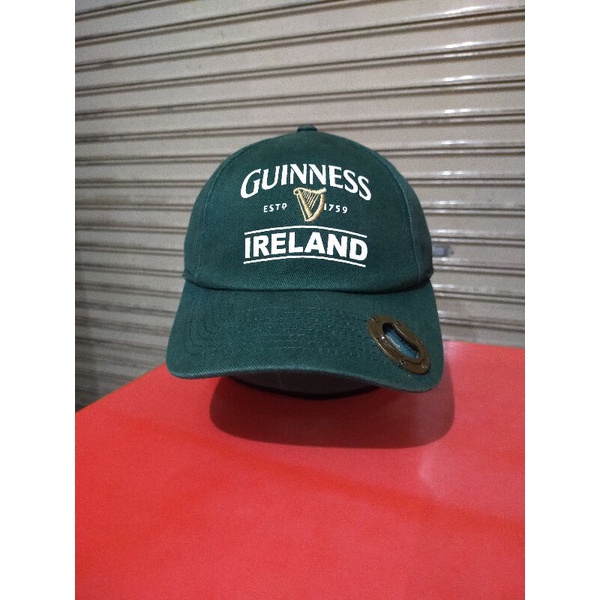 Topi Guinness Second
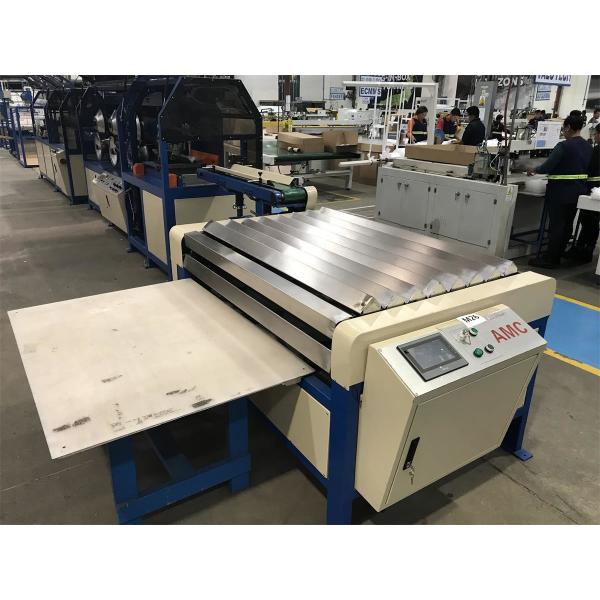 Customizable L edge protector thickness 2.5-10mm Paper CornerProtection Machine with Max. 70m/min. Speed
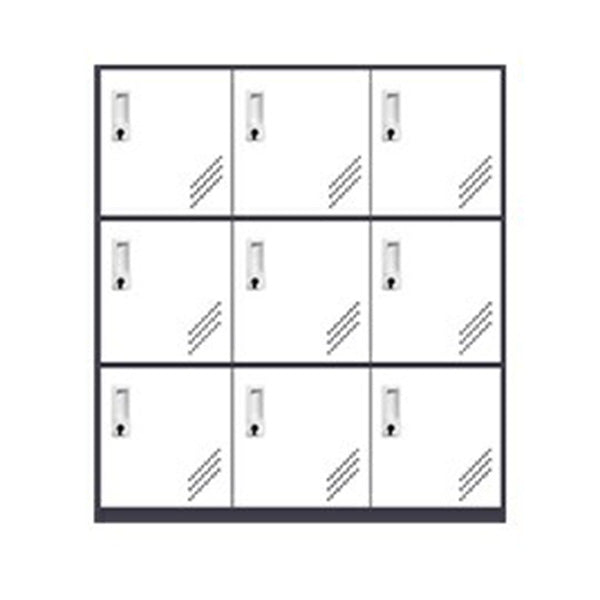 Contemporary Non-Hanging Storage Cabinet Hinged Door Cabinet for Bathroom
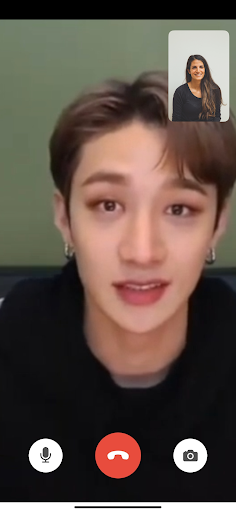 Stray Kids Fake Video Call Screen 2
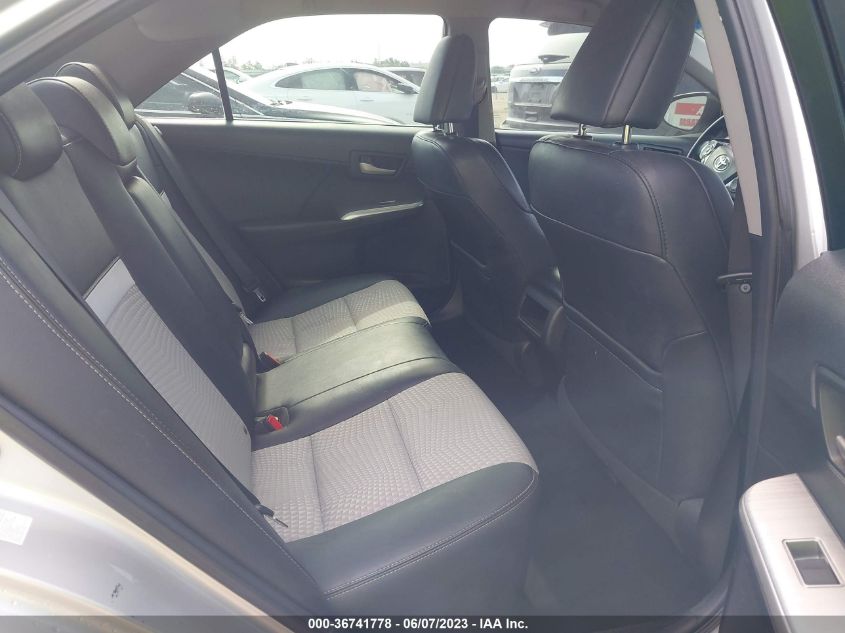 2013 TOYOTA CAMRY L/LE/SE/XLE - 4T1BF1FK3DU643412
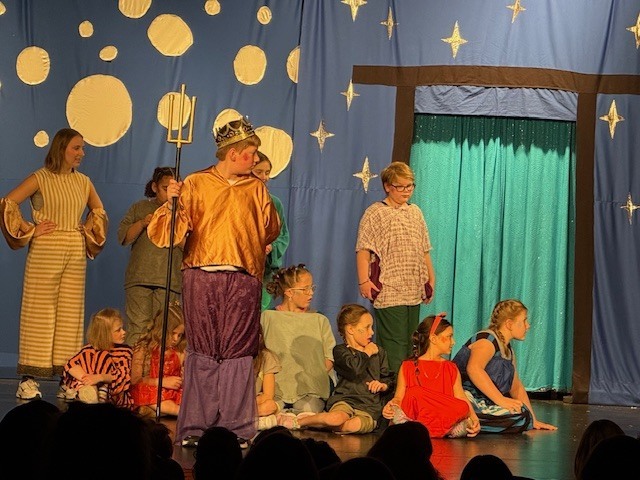 The Little Mermaid at Triton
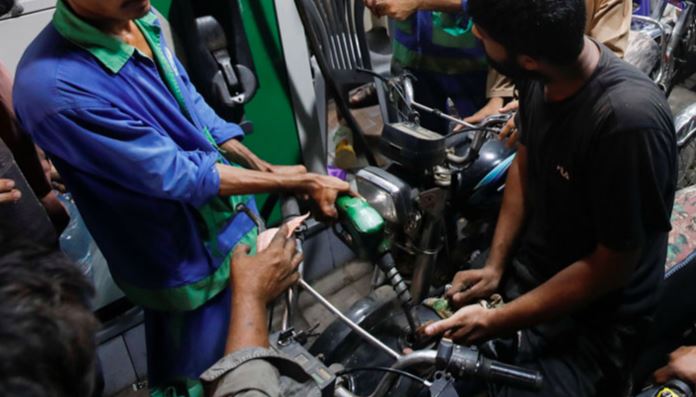 petrol pice increase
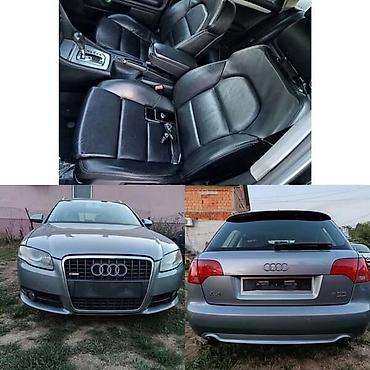 auto crni leskovac: DELOVI B7 ZA AUDI A4 | kompletan auto u delovima — 1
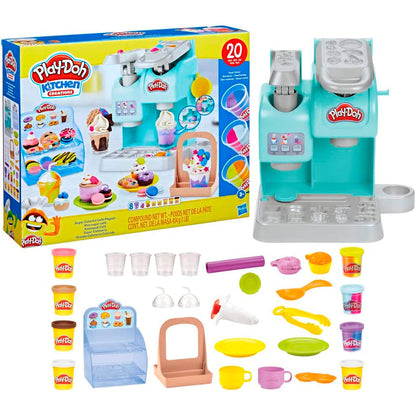 Kitchen Creations Play-Doh Colorful Super Coffee Maker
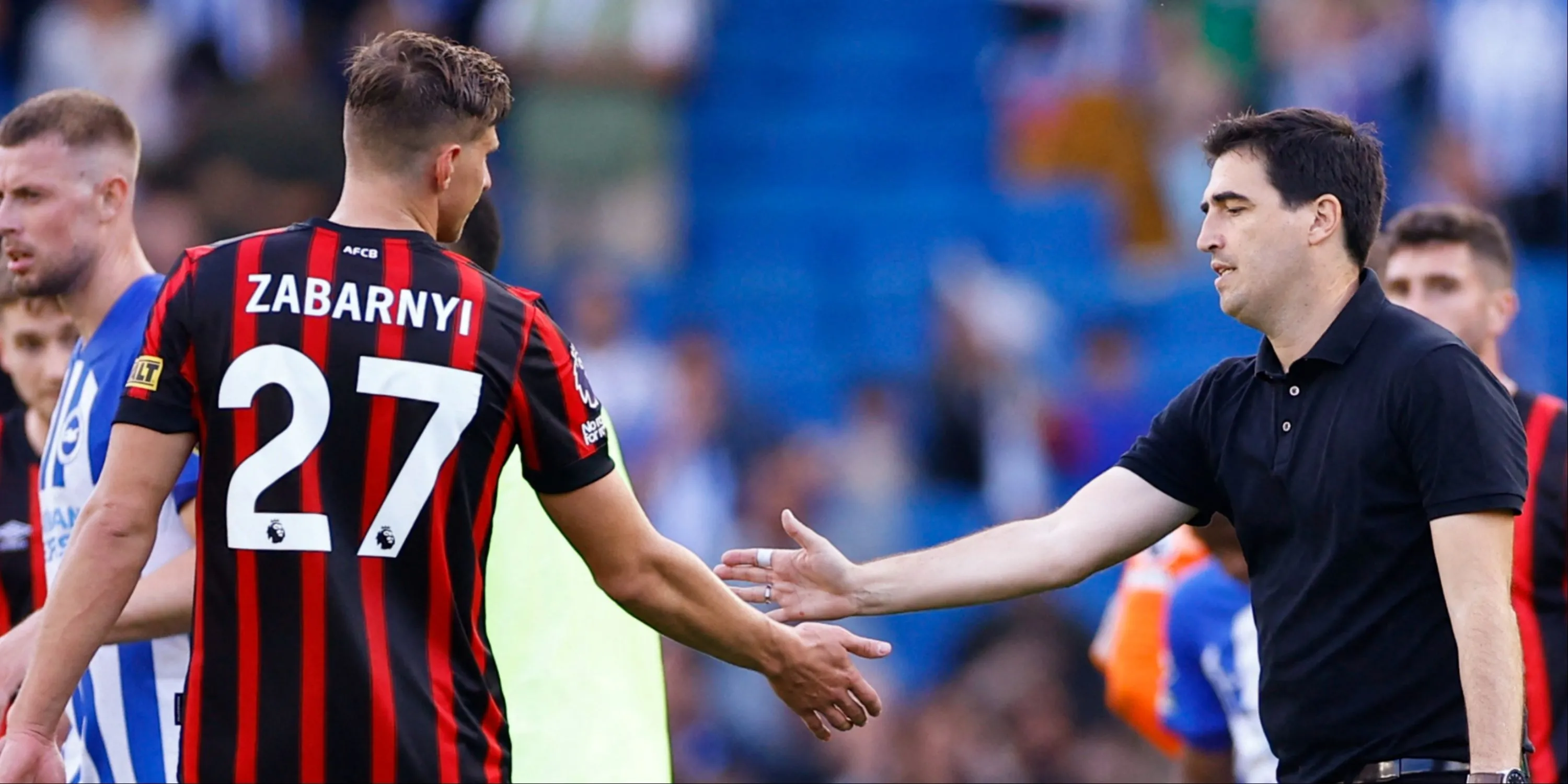 Trung vệ Illia Zabarnyi của Bournemouth, cầu thủ phòng ngự triển vọng tại Premier League.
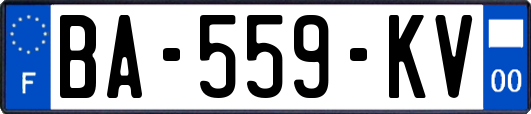 BA-559-KV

************

- What this task involves
Please print exactly the lines running from the line with "The Little Mermaid at Triton" through the final line of the material, and nothing more. Keep pictures out.

- Reply
 The Little Mermaid at Triton
 petrol pice increase
 auto crni leskovac: DELOVI B7 ZA AUDI A4 | kompletan auto u delovima — 1
 Kitchen Creations Play-Doh Colorful Super Coffee Maker
 Trung vệ Illia Zabarnyi của Bournemouth, cầu thủ phòng ngự triển vọng tại Premier League.
 BA-559-KV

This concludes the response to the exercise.